Il scruta son regard doré avec une douleur difficilement dissimulée. Il ne voyait, dans ces yeux, rien de l’Eryvia qu’il avait connu jadis. Dans ces yeux légèrement ternes, il ne discernait pas la moindre complicité, pas la moindre espièglerie dont elle avait pu faire preuve à son égard. En s’égarant dans ces iris ambrés, il n’avait que l’impression de s’égarer dans un désert aride, exempt d’émotions à son endroit. Sa bouche s’ouvrit et le mercenaire resta suspendu à ses lèvres. Qu’allait-elle dire ? Y avait-il encore la moindre lueur d’espoir, de rédemption ? S’il n’avait pas été assis sur le rebord du lit, il serait probablement tombé à genou, lorsqu’il l’entendit lui demander son identité. Elle n’avait pas la moindre idée d’où elle se trouvait, de ce qui s’était passé et de qui son âme-sœur pouvait bien être.

Poen avait déjà été coupé profondément par de nombreuses lames, son corps avait été transpercé de toutes parts par des flèches ou des lances et ses os avaient été fracturés à deux nombreuses reprises par des puissants coups contondants. Cependant, rien de tout cela n’avait provoqué une douleur comparable à celle qui le happa de plein fouet. Pour Eryvia, il parut probablement n’avoir qu’un moment d’inattention, mais ce qui se passait en lui était tout autre. Son univers s’effondrait, brisé par les paroles innocentes de l’amnésique. Sa gorge se serra et il crut qu’il allait être submergé par les émotions. C’était bien plus dur que ce qu’il avait imaginé, il n’avait jamais songé que les dégâts puissent être d’une telle ampleur. Alors qu’il se demandait s’il ne retrouverait jamais son aimée, une question innocente parvint à ses oreilles et raviva un brasier d’espoir aussi vite que ce dernier s’était éteint.

Eryvia voyait la lueur autour de lui, elle percevait encore ce halo blanc dont tous deux étaient entourés, l’un pour l’autre. Il se souvint de ce qu’elle lui avait dit, lorsqu’ils s’étaient croisés pour la première fois dans la forêt d’Émeraude. Ce n’était que des mythes et des superstitions, mais la légende voulait que les âmes-sœurs aient été l’œuvre des dieux eux-mêmes, fragmentant les âmes des mortels en deux avant de les placer dans deux corps différents, liant les deux êtres à jamais. C’était, en ce sens, logique que sa mémoire n’ait rien à voir avec le phénomène surnaturel. La première fois, il était aussi un étranger pour elle, mais elle avait aussi remarqué l’aura. Il se ressaisit et lui sourit doucement, ses craintes légèrement apaisées. En son for intérieur, un véritable maelstrom d’émotions se déchaînait, mais il devait tâcher d’être rassurant pour elle. Il la laissa se lever et marcher un peu à travers la pièce.

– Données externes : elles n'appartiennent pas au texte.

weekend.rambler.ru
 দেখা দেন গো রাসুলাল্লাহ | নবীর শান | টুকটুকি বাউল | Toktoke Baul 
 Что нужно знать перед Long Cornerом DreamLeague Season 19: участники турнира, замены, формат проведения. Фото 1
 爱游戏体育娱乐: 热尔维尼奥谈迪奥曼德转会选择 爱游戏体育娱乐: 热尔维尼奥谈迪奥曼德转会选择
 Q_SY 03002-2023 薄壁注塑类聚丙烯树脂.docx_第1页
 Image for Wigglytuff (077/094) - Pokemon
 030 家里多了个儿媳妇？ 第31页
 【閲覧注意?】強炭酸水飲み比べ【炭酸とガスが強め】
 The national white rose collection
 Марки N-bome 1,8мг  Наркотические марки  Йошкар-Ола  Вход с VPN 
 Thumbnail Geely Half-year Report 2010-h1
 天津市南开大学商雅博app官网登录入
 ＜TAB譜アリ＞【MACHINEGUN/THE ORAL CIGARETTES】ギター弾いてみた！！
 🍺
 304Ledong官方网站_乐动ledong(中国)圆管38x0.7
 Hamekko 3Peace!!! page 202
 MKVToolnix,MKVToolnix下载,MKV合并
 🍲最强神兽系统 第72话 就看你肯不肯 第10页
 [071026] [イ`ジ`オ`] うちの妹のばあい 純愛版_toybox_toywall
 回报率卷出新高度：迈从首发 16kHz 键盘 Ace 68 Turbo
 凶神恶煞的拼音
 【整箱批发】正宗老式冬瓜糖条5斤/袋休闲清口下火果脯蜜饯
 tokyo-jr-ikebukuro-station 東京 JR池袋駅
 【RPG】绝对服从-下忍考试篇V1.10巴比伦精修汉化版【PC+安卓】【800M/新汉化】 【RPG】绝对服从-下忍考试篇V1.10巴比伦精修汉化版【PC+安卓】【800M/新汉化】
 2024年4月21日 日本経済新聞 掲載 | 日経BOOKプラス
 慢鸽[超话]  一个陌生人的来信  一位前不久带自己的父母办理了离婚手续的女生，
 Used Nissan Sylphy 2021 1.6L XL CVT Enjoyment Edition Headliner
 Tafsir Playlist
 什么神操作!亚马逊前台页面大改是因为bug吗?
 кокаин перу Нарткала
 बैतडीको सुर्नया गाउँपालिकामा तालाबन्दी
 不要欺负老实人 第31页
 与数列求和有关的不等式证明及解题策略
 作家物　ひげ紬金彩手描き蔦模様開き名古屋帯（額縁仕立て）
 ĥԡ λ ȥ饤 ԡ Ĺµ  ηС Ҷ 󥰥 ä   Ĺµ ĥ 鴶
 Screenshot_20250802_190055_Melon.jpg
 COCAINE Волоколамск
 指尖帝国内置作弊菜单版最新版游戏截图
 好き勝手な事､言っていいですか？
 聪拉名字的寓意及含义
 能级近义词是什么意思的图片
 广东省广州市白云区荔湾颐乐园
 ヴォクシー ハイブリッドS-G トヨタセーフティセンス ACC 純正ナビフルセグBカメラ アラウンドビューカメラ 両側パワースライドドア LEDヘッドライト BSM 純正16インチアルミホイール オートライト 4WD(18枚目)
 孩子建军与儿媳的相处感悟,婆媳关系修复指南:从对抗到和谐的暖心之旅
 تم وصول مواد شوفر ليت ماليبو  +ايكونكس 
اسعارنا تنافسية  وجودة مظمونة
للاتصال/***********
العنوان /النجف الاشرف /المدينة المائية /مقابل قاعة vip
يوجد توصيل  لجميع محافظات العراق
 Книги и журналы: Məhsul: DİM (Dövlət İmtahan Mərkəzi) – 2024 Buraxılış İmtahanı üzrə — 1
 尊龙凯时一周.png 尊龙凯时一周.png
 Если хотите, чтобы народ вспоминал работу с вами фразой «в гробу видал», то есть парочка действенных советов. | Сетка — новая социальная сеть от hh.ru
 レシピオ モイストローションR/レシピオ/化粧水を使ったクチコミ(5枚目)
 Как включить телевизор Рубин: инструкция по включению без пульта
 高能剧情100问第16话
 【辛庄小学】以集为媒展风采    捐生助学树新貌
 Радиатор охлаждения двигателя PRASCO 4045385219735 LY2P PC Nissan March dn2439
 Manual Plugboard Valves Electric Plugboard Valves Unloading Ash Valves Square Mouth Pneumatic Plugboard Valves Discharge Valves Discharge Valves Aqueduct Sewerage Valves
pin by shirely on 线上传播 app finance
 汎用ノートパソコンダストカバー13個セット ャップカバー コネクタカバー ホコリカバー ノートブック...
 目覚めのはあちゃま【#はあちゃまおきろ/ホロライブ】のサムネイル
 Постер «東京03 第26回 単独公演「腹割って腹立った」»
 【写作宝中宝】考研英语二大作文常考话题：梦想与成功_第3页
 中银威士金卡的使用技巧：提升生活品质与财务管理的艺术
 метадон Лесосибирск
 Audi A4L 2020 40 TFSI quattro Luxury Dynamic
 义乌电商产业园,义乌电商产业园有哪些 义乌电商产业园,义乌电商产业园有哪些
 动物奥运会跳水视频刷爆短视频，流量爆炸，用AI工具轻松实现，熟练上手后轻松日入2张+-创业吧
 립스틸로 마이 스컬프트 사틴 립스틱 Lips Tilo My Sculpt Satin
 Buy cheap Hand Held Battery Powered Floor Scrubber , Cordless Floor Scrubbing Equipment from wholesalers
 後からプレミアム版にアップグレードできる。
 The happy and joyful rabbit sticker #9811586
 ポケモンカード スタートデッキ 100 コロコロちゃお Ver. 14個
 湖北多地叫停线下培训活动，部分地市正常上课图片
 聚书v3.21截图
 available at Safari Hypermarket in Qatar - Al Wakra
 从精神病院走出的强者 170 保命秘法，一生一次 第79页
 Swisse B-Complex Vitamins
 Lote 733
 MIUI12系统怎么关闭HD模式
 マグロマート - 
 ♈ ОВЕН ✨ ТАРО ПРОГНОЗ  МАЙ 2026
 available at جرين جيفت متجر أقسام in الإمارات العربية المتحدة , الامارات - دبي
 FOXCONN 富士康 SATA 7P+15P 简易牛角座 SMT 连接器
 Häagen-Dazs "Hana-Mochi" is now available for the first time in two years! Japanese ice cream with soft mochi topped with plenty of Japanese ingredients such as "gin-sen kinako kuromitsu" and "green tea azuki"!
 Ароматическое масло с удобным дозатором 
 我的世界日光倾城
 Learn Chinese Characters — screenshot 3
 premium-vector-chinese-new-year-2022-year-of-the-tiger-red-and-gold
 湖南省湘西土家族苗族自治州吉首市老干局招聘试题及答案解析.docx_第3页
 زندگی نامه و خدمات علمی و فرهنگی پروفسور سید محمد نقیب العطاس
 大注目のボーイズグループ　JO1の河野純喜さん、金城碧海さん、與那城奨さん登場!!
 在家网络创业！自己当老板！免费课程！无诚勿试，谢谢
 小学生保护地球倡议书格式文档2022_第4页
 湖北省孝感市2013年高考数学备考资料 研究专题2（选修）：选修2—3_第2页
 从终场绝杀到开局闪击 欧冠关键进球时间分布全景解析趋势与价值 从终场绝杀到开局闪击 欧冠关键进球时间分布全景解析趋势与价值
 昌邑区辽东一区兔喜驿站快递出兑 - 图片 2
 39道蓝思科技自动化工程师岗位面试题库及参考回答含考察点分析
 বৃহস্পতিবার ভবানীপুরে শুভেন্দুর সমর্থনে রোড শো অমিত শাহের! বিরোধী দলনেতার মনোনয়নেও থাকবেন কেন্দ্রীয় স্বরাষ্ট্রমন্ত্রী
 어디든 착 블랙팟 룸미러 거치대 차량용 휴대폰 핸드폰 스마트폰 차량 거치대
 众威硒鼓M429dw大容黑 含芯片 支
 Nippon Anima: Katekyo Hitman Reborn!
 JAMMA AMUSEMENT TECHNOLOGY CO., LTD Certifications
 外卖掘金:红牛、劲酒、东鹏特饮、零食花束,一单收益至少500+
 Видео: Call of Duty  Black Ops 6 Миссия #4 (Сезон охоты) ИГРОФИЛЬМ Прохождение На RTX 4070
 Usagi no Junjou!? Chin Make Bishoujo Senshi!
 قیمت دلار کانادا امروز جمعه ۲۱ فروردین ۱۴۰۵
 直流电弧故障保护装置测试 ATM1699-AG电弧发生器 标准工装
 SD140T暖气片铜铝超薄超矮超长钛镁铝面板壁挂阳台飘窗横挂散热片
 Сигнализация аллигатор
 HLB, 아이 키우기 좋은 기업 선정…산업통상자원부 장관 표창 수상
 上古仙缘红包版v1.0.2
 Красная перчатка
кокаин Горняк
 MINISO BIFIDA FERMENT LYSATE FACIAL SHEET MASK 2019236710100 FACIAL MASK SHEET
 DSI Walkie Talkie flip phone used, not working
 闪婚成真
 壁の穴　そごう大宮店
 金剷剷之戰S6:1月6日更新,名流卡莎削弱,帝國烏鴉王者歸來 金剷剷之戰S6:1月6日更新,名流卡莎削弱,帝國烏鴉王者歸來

« Non, tu n’es pas dans les plaines de lumière, tu es bien vivante. Tu dois ressentir la faim, la froideur des pierres sous tes pieds et peut-être encore une certaine douleur, quelque part. Je ne crois pas qu’on puisse ressentir tout ça lorsqu’on est mort. »

Il se leva à son tour et se dirigea vers la fenêtre. Il se plaça à côté d’elle, à une distance qui aurait été inconcevable dans leur relation précédente, mais qui était désormais respectueusement éloignée.

« Nous sommes au château d’Émeraude, dans l’aile des chevaliers. Tu y as été transportée après avoir été gravement blessée, il y a quelques années. Tu fais toi-même partie de l’ordre des Chevaliers, même si ça peut peut-être te sembler étrange. J’aurais beaucoup à te dire, il y a tant de choses qui se sont passées et qui nous ont menées à cet instant… »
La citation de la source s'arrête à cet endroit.